Should You Let Your Employees Use Their Mobile Devices at Work?

Mobile phones are a staple to many professionals these days. They can be a powerful tool to connect employees with their work, their families, and their co-workers. But they can also be a distraction if used improperly. Therefore, you might be considering whether your company should allow mobile use in the workplace. Based on the type of work you do and the needs of your employees, your mobile use policy should strike a balance between trust and creating a safe work environment. Today’s article walks through a few different options available to you when considering your mobile use policy.

Flexible Use Policies

Many employers recognize that their employees enjoy having access to their mobile devices in case of emergency and to stay in contact with co-workers and family while on the job. Some companies even go so far as to providing a “work phone” or subsidizing a mobile device for staff to use on the job. These employers show their trust in their employees through a flexible use policy when it comes to mobile devices. However, in order to keep these devices from becoming a distraction, improper use of mobile devices is addressed on a case-by-case basis. The key is to make sure that your expectations regarding when and how employees are allowed to use their phones are communicated clearly, so that when enforcement becomes necessary, you have the policy on hand to support any required disciplinary actions.

Limited Use Policies

Another common option for many employers is a limited use policy when it comes to overseeing mobile device use in the workplace. If you want to reduce distraction on the job, consider limiting mobile phone use to personal time during lunch and breaks. This allows employees to have access to their phones on their own time, while still reducing risk of mistakes or distraction on the job.

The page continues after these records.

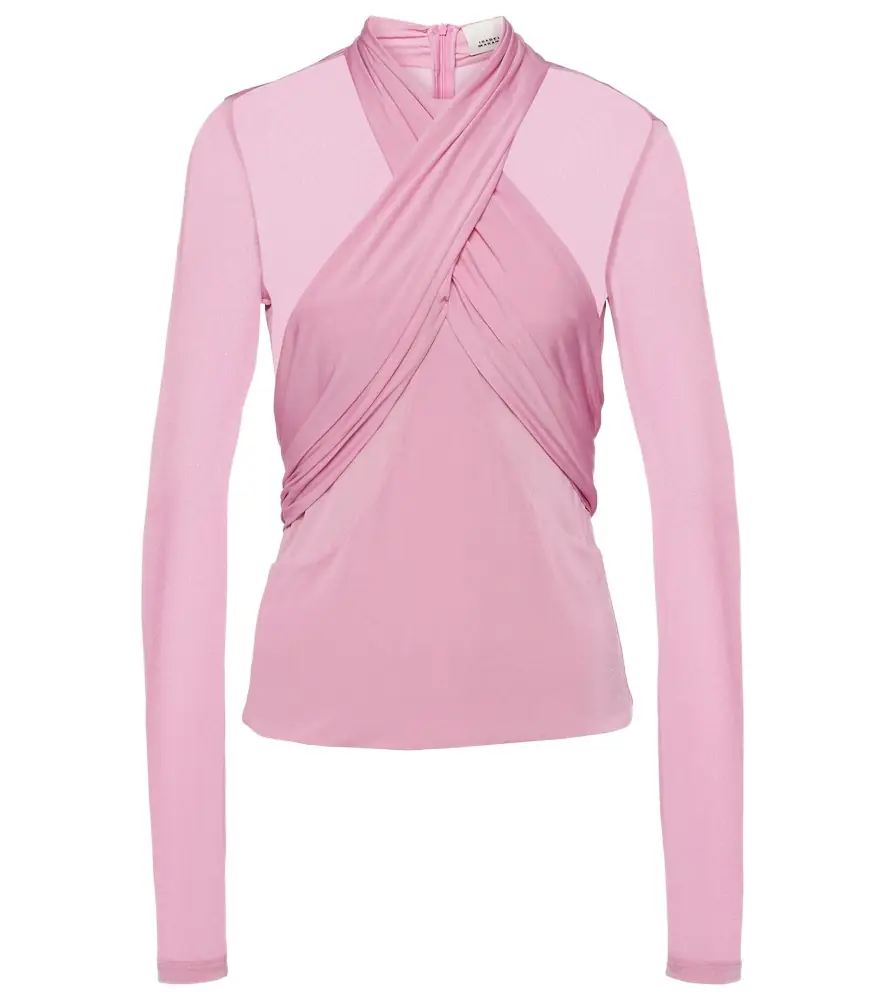 Isabel Marant Resly draped semi-sheer jersey top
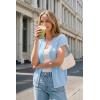 imageArachampCloz Womens Wool Blend Oversized Lightweight Cardigan Short Sleeve Summer Casual Sweaters TopsLight Blue
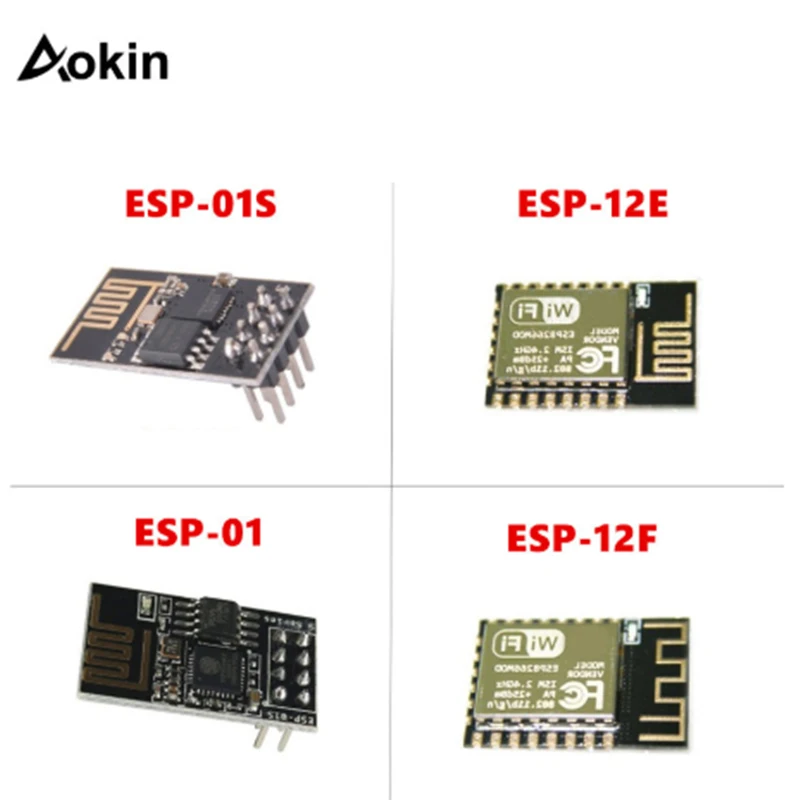 

Aokin ESP8266 ESP01S ESP12F ESP-12E ESP-01 ESP-01S ESP01 ESP-12F Remote Serial Port WIFI Wireless Module 3.3V SPI For Arduino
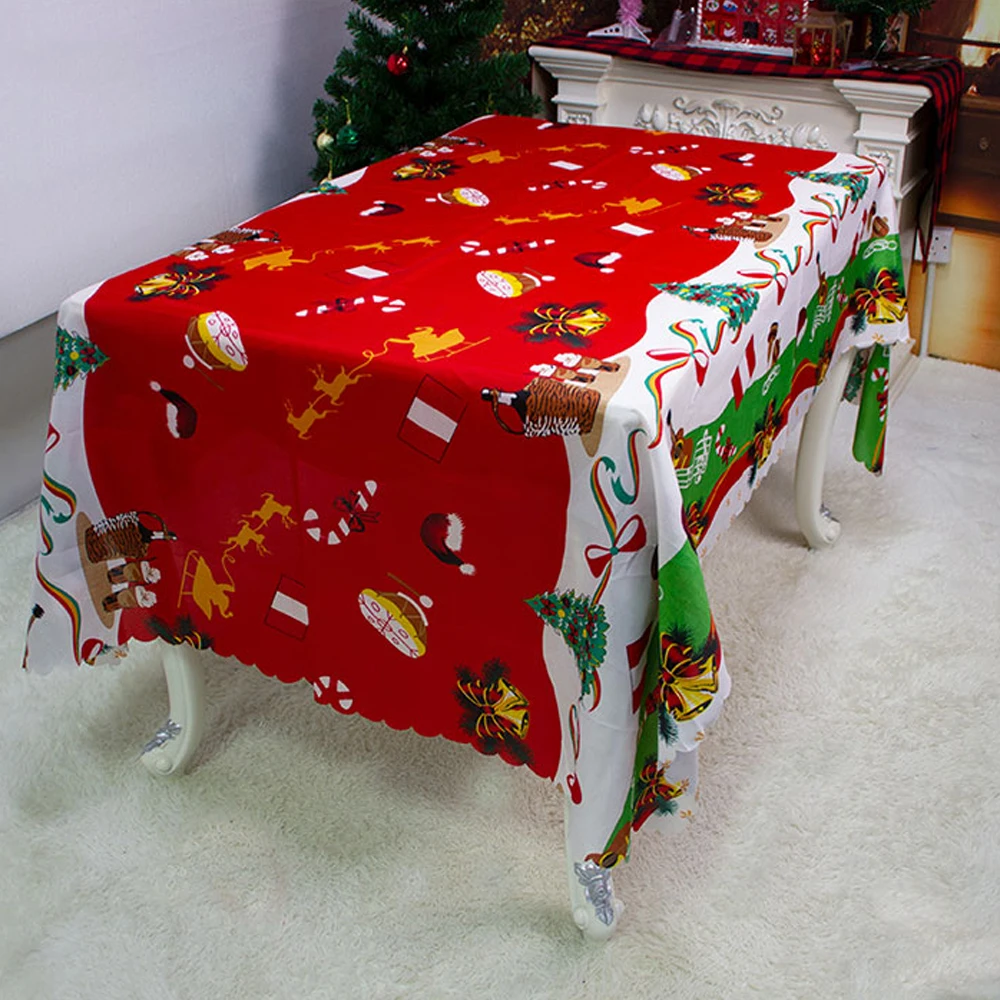 Christmas Table Cloth Printed Tablecloth Cover Protector for Dinner Party New Year Decoration 150x220cm |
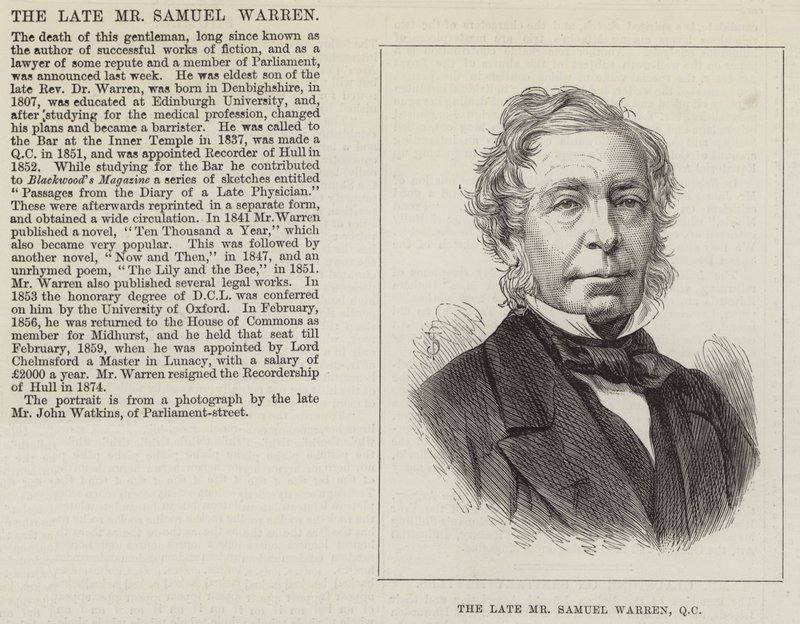 Il defunto signor Samuel Warren, QC da English School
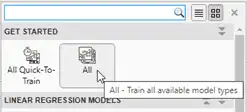 Option selected for training all available model types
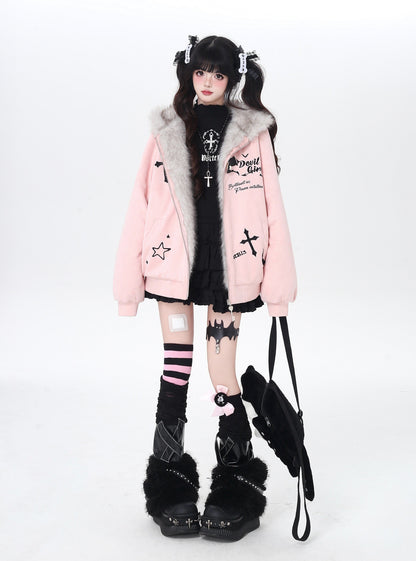 悪魔バニー×ふわもこムートン中綿コート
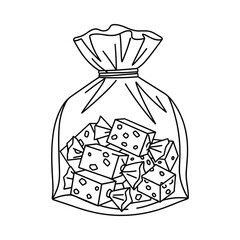 Hand drawn illustration of a clear plastic bag filled with cheese cubes
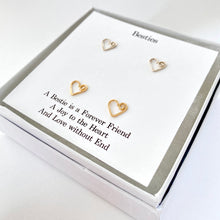 Load image into Gallery viewer, Gold and Silver Besties Heart Studs Set. 2 Pairs 14k Gold and Sterling Heart Earrings.
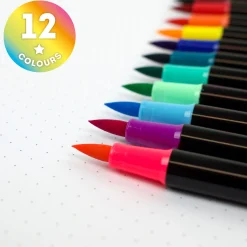 Legami Textmarker Und Filzstifte*Set mit 12 Filzstiften mit Pinselspitze - Brush Markers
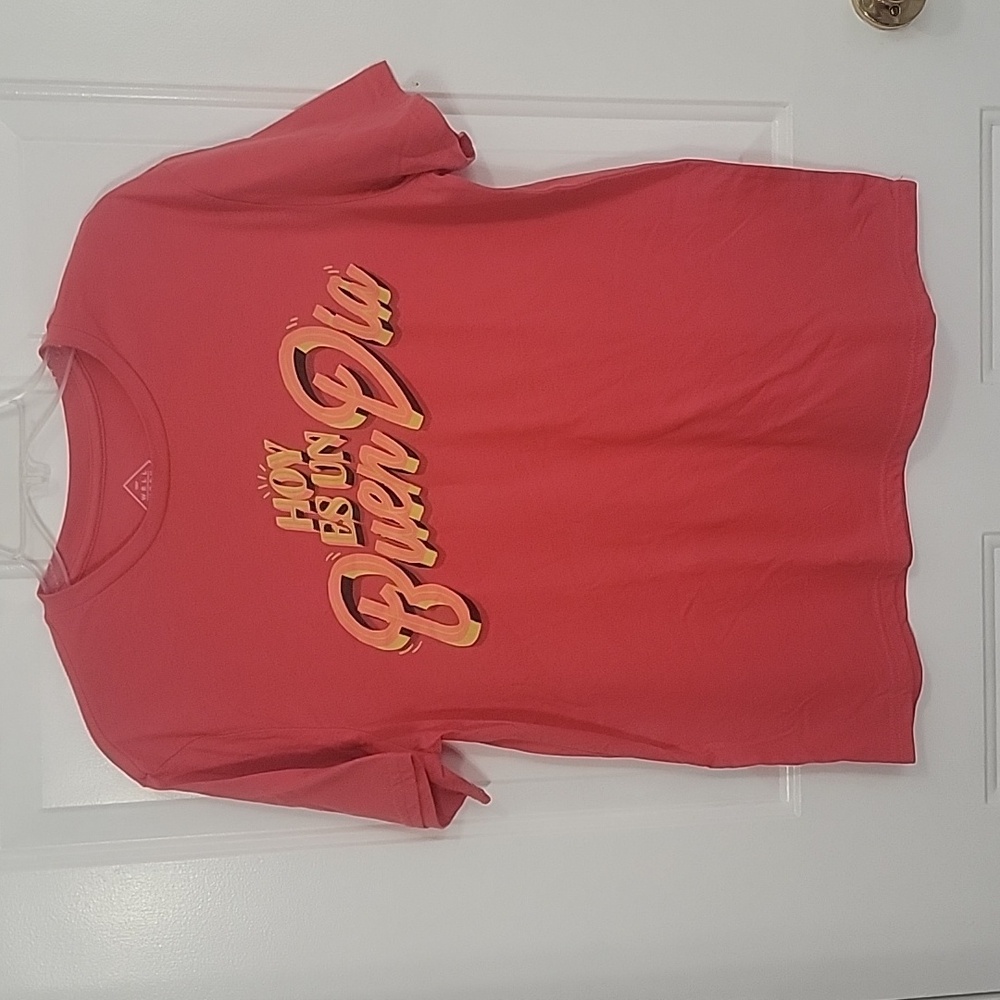 Graphic Red Tee - "Hoy es un Buen Dia" Large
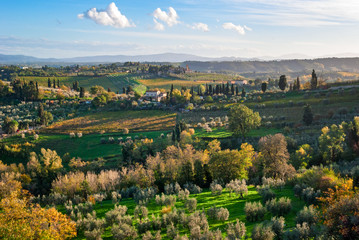 Naklejka premium Tuscany landscape near San Gimignano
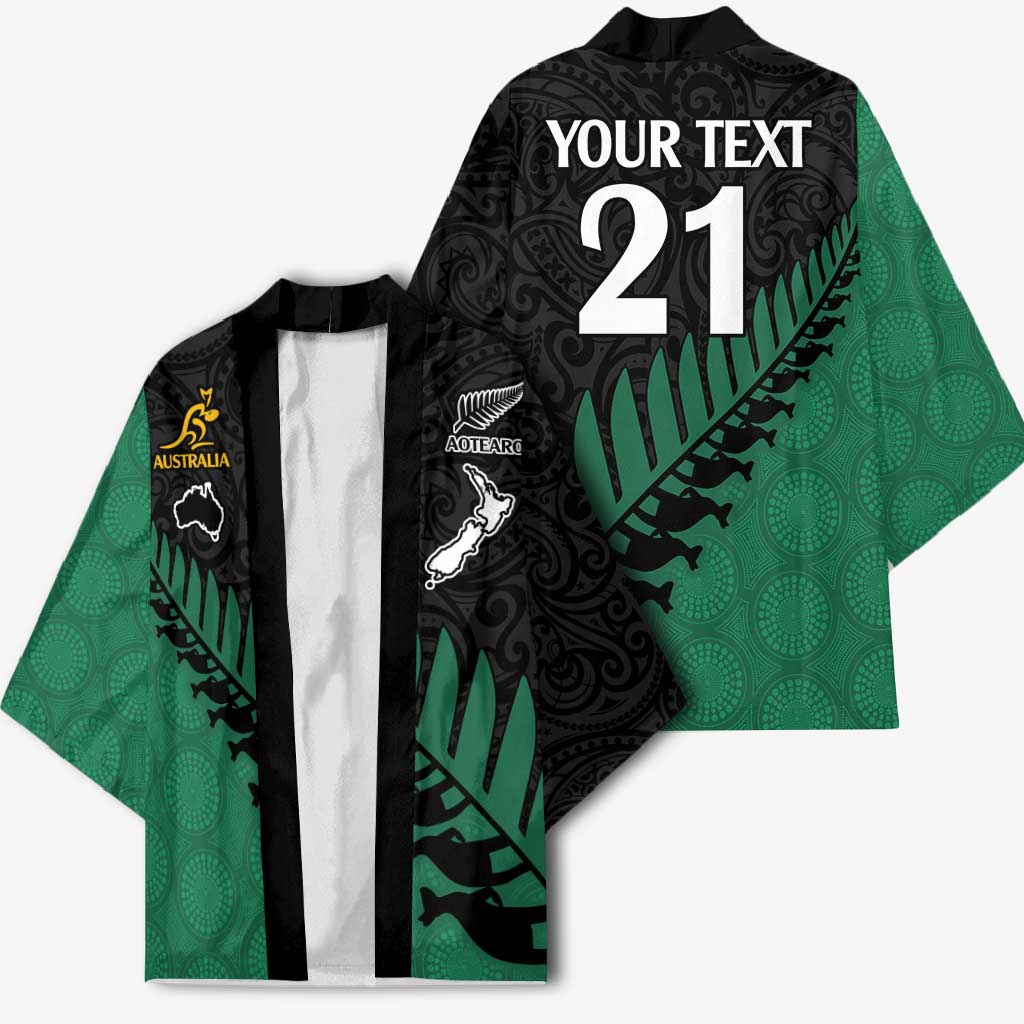 Australia New Zealand Rugby Kimono Green Aboriginal Wallabies and Maori Black Fern LT9 - Polynesian Pride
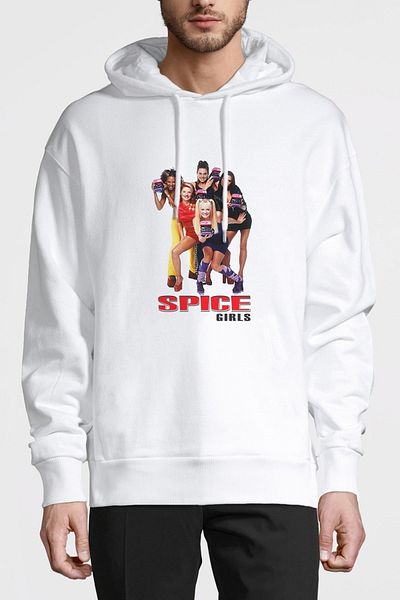 QIVI Spice Girls εμπριμέ λευκό ανδρικό πλεκτό φούτερ με κουκούλα μακρυμάνικο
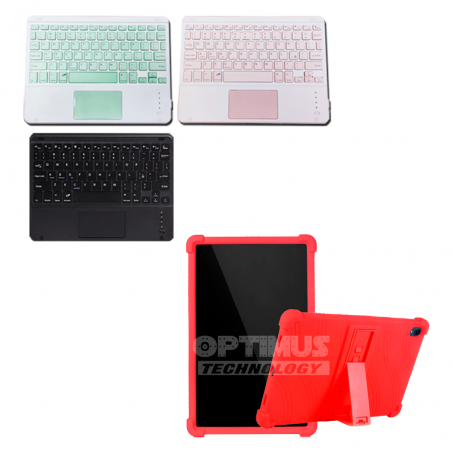 Kit Case Estuche Protector Antigolpes + Teclado Mouse Touchpad Bluetooth para Tablet Lenovo P11 Tb-J606F de 11Pulgadas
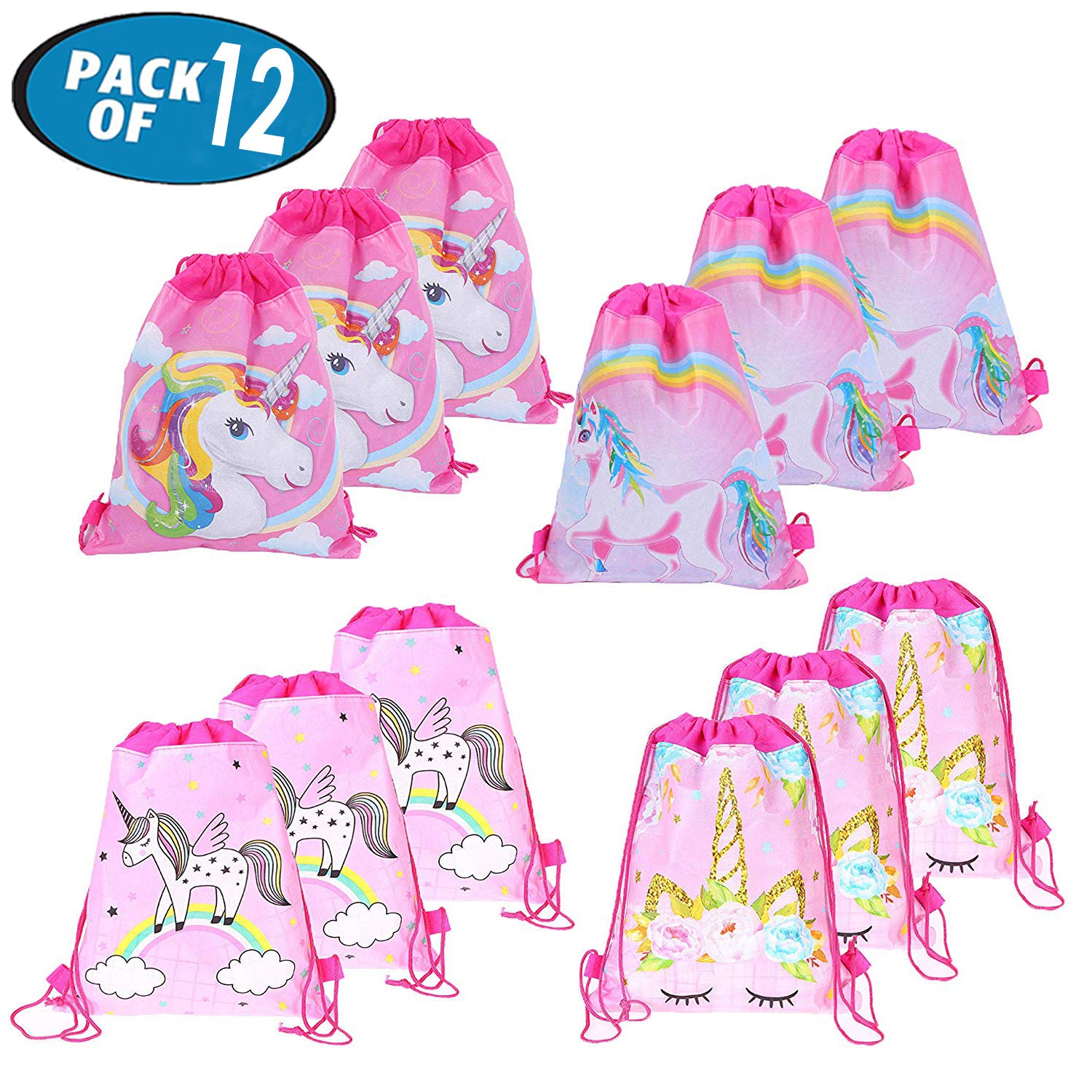 Unicorn Party Supplies Favors Bags for Kids Boys Girls, Drawstring Goodie Treat Bags for Birthday Party Gifts (12 Pack)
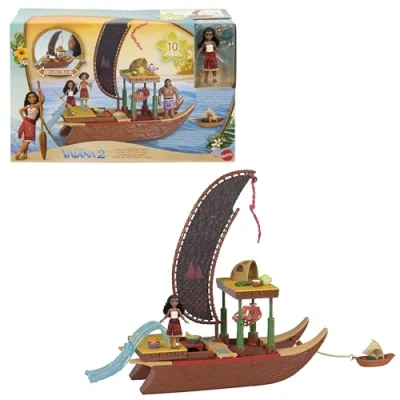 Immagine di Mattel Disney Oceania 2 La canoa delle avventure di Vaiana, playset con galleggiante, mini bambola 1 personaggio amico, 6 aree gioco e 10 accessori, giocattoli, JBT78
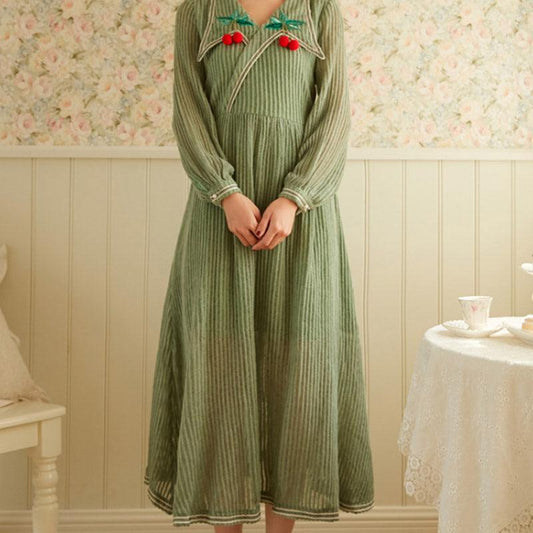 AS | Avocado Green Light Luxury Ladies Dress Autumn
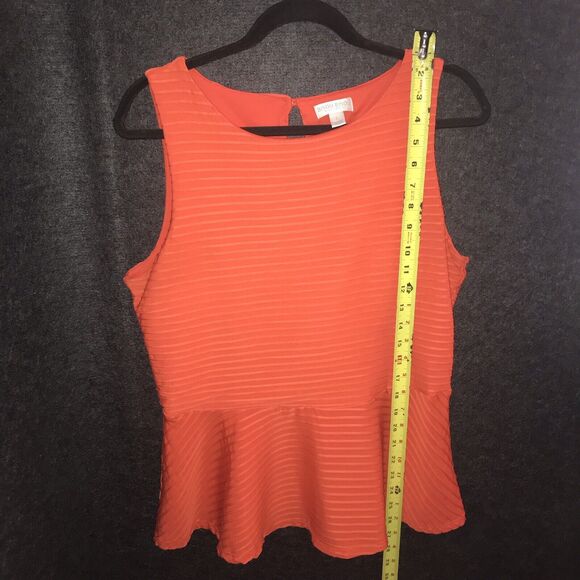 Bisou Bisou Top Womens Large Hot Orange Ribbed Peplum Sleeveless Textured Blouse - Picture 7 of 9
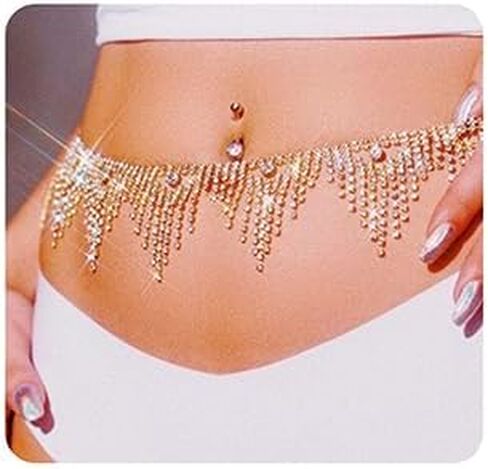 Xerling Rhinestone Fringe Tassels Waist Chains Belly Chain Bikini Body Chains Belt for Women Party Nightclub (Gold) in Saudi Arabia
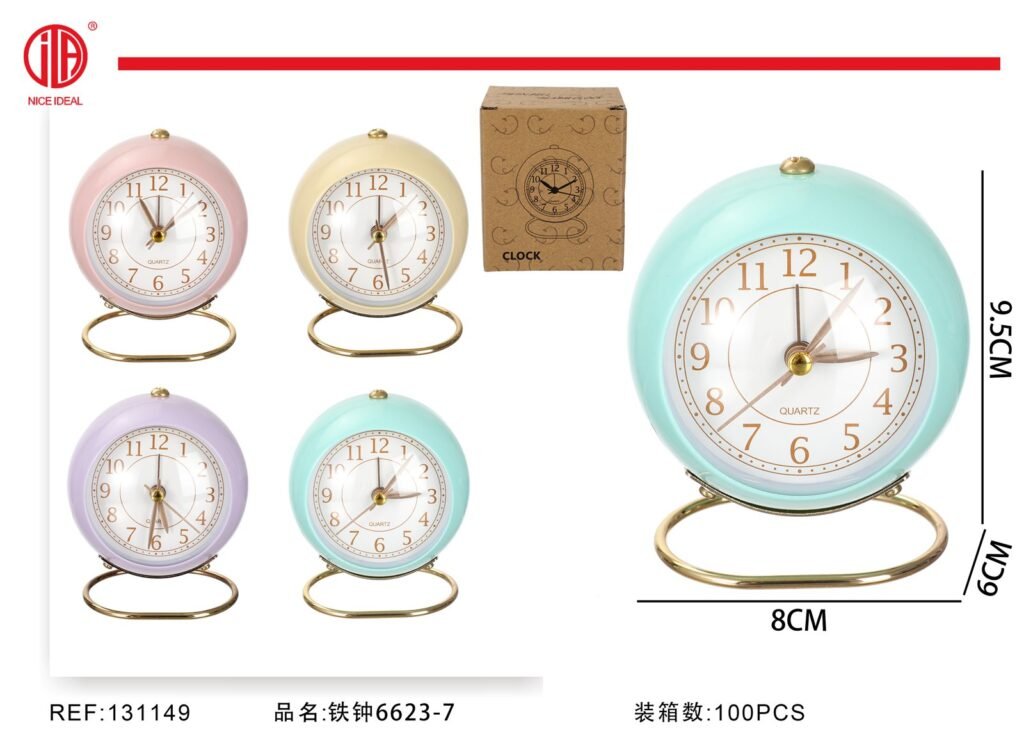 Reloj despertador analógico con soporte modelo 6623-7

This type of policy requires monitoring and enforcement on your part to make sure that staff are not using their devices unnecessarily. But enforcement doesn’t need to be strict enough to harm staff morale. Sometimes, for example, a simple reminder of corporate policy is all that is needed to bring an employee back into compliance with a limited use mobile policy. Clear communication of expectations and rules is also very important. If the rules are reasonable and based in logic, employees will understand and do their best to follow the rules in regards to future use.

Restricted Use Policies

A no-tolerance policy against mobile devices may sound harsh, but there are a number of situations and work environments where employers need to reduce distraction in order to maintain a safe and effective workplace. If the use of a mobile device is in anyway hazardous to your employees, then a no-tolerance policy is the way to go. Safety or security risks that mobile devices can impose are another aspect to consider. These examples all are supportable and understandable reasons to take a hard line against mobile device use on the job.